Einde inhoudsopgave
Verzamelbesluit Lijfrenten
4.6.1 Bijzondere omstandigheden
Geldend
Geldend vanaf 01-06-2019. Let op: treedt met terugwerkende kracht in werking vanaf 16-05-2019
- Bronpublicatie:
16-05-2019, Stcrt. 2019, 30558 (uitgifte: 31-05-2019, regelingnummer: 2019-115021)
- Inwerkingtreding
01-06-2019, terugwerkend tot: 16-05-2019
- Bronpublicatie inwerkingtreding:
16-05-2019, Stcrt. 2019, 30558 (uitgifte: 31-05-2019, regelingnummer: 2019-115021)
- Vakgebied(en)
Inkomstenbelasting / Persoonsgebonden aftrek
Inkomstenbelasting / Uitgaven voor inkomensvoorzieningen
Van dergelijke bijzondere omstandigheden is in het algemeen slechts sprake als de overschrijding van de wettelijke termijn niet aan de belanghebbende is te wijten.
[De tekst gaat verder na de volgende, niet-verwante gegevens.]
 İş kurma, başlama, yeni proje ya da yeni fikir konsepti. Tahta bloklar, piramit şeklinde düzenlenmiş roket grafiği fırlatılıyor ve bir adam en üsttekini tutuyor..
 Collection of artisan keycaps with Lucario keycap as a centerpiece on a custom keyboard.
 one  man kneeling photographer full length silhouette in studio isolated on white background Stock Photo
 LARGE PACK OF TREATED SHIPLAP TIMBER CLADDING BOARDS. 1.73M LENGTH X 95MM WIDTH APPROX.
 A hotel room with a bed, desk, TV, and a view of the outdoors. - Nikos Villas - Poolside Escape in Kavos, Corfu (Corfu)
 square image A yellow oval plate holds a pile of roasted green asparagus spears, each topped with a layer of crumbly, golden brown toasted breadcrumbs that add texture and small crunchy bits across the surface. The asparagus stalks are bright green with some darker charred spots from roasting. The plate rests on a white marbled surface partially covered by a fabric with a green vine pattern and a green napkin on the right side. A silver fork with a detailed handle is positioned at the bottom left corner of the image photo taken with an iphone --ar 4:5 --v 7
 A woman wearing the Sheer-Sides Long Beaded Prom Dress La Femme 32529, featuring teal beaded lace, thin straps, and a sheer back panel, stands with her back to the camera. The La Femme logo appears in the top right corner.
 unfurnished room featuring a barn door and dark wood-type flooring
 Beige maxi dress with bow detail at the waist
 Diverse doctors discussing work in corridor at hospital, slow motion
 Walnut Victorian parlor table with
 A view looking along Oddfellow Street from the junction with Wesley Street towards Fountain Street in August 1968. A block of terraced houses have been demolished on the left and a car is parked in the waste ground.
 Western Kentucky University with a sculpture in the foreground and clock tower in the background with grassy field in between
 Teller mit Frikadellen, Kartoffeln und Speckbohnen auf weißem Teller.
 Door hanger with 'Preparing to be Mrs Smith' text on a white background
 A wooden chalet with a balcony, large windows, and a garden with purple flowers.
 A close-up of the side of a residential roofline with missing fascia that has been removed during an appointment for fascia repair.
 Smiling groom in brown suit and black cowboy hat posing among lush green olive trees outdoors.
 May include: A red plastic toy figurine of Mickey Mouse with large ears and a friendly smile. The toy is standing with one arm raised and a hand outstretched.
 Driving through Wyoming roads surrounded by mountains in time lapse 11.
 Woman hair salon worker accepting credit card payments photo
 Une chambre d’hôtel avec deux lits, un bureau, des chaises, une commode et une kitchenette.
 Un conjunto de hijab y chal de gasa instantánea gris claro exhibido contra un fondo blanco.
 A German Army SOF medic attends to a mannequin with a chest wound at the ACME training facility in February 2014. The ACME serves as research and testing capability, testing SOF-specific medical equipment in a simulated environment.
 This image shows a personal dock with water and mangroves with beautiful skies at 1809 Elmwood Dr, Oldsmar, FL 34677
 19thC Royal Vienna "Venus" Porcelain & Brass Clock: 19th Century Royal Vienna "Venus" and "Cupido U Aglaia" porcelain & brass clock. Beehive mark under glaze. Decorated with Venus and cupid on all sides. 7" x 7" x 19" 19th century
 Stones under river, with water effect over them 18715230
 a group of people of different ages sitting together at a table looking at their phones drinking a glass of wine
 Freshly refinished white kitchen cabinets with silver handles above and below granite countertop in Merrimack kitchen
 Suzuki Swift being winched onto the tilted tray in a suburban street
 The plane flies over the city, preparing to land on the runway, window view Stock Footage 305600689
Bijvoorbeeld als de belanghebbende wel alles heeft gedaan wat in redelijkheid van hem verwacht kan worden om de lijfrente te doen ingaan binnen de wettelijke termijn, maar de financiële instelling of de tussenpersoon nalatig is geweest bij het vaststellen van de lijfrente. Een ander voorbeeld is de situatie waarin de belanghebbende van de financiële instelling of de tussenpersoon vóór het einde van de wettelijke termijn geen enkele mededeling heeft ontvangen over het bereiken van de contractuele datum. Ook kan het zijn dat het overschrijden van de wettelijke termijn niet verwijtbaar is als gevolg van een langdurige ziekte van de belanghebbende of van een van zijn gezinsleden.
In gevallen waarin een nabestaandenlijfrente moet ingaan, komt het voor dat de aanbieder niet of niet tijdig binnen de wettelijke termijn in kennis wordt gesteld van het overlijden en de belanghebbenden niet op de hoogte zijn van het bestaan van de lijfrente. In die situatie moet de nabestaandenlijfrente ingaan uiterlijk 31 december van het jaar volgend op het jaar waarin de aanbieder dan wel de belanghebbende de relevante informatie bereikt.